Iran is an overlooked source of Christian persecution in the Middle East, according to a senior fellow with The Philos Project. In a recent presentation, Farhad Rezaei discussed the West’s view of Christian persecution that often silos the issue to jihadists, failing to account for Iran’s “strategy of eliminationism” in Syria, Iraq, Yemen, and Lebanon.
In an organized and strategic campaign, Iran seeks to shrink and suffocate the Christian minority communities in the Middle East through discrimination, imprisonment, abduction and confiscation of property, to name a few. Domestically, Iran has made recent headlines for a “victory” in a case of nine Christians who were acquitted of their crimes of house church membership. However, several of the Christians from the group already face new charges and the vast majority of Iranian Christian converts have little hope for appeal.

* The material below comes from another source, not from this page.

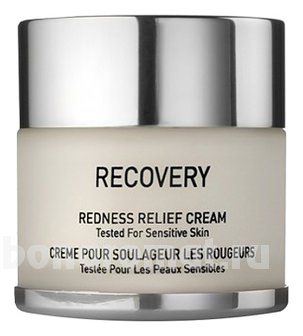    Recovery Redness Relief Cream Tested For Sensitive Skin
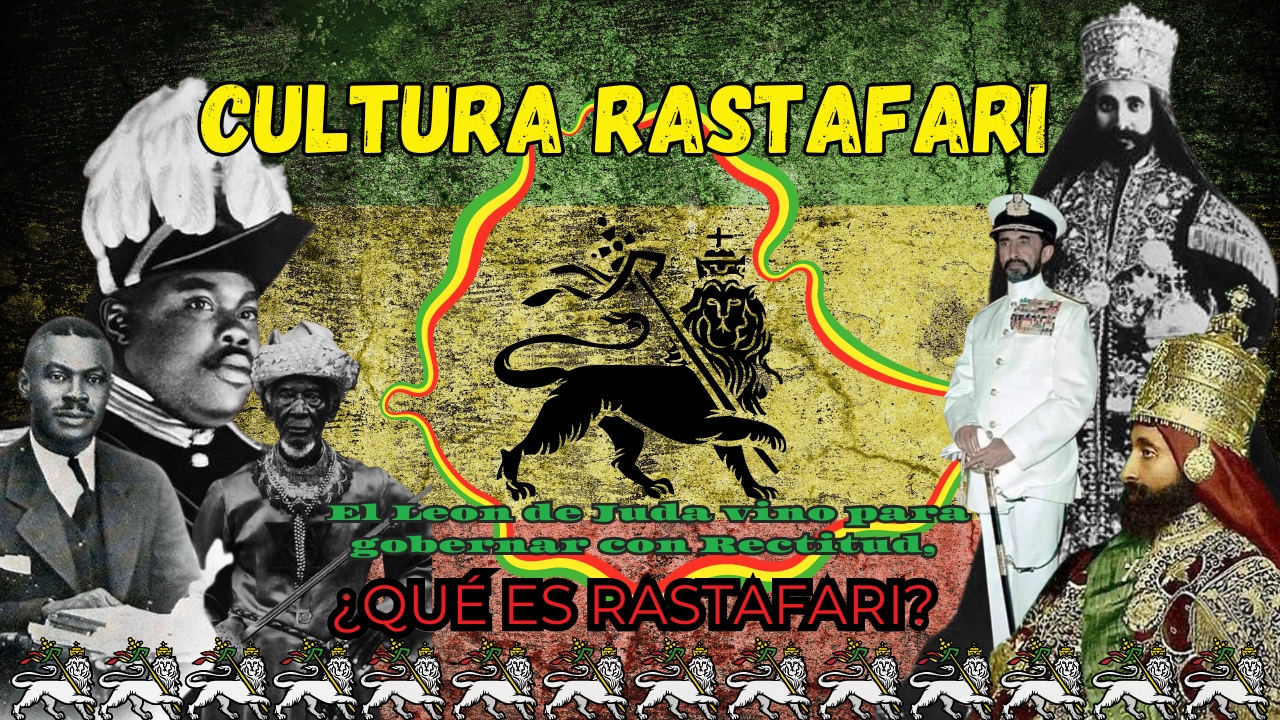 Rastafari: Conexión entre Fe, Cultura y Misticismo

Intelligence officers at the notorious Evin Prison also recently violated the rights of imprisoned Iranian Christians by refusing to return the confiscated equipment to the interrogation branch.
Regionally, Iranian-backed factions in Iraq and Syria disrupt attempts for peace and restoration, pushing an anti-Christian agenda. Rezaei provided two rationales for Iran’s attempts to smother the region’s Christian population. One is strategic for Iran to expand a land bridge to the Mediterranean, across land that Christian communities currently reside in. The second is ideological and the “new Shi’ism” views that Christians are “pollution”.